Questions over funding bridge reconstruction

President Joe Biden has pledged that the federal government would pay entirely to rebuild the bridge. But if Congress is fronting the cost of a new bridge, anticipated to approach a price tag of $2 billion, committee members asked Tuesday, how can it expect to get some money back?

Shailen Bhatt, administrator of the Federal Highway Administration, told lawmakers that under existing rules, any insurance funds recovered after an “emergency relief” event go back into the emergency relief fund. That program covers most of the costs of repairs to damaged roads and bridges following natural disasters and external catastrophic failures.

The roughly $1.7 to $1.9 billion emergency relief request related to the Key Bridge collapse is the second-largest ever received by the Federal Highway Administration, according to Bhatt. It is second to a $2.2 billion request made following Hurricane Katrina, he said Wednesday.

Bhatt also acknowledged, in response to lawmakers’ questions, that the Key Bridge had been redesignated following the collapse as part of the interstate highway system, rather than a state facility.
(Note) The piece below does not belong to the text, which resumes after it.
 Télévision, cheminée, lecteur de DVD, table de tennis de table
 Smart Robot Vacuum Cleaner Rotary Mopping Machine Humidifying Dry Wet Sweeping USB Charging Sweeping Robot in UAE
That redesignation means it will be eligible for 90% or more of the costs to be covered by the federal program, rather than the 80% it would have qualified for without the designation.

The Federal Highway Administration has told Maryland officials that they “believe” emergency relief funding will be available, which Bhatt said helps to relieve some “uncertainty.”

“I can pretty much with certainty guarantee this will not be 100% federally funded eventually, because we will recoup all of the insurance payments … and they will go back into the [emergency relief] funds,” Bhatt said.

Questions about pier protection — for Key Bridge and others

The NTSB’s preliminary report noted that the Key Bridge had four dolphins, or island-like structures in the water, designed to protect its piers — two on each side of the bridge.

But those devices didn’t stop the drifting Dali from striking one of the bridge piers, which was surrounded by timber, concrete and steel. The surrounding protection remained relatively tight to the pier itself, Homendy said Wednesday, and the dolphins were “rather small.”

She said the NTSB has been comparing the Key Bridge to others that “have pier protection that comes out farther, so that a vessel can’t get to the column” and larger dolphins.

“In this situation, you have a bridge that began operations in 1977. If it was built today, it would be built differently,” Homendy said.

She urged other bridge owners to conduct risk assessments of their own bridges with this in mind, alongside the growing size of containerships. It’s not necessary to wait until the NTSB investigation is complete to evaluate how protected a bridge is, she said.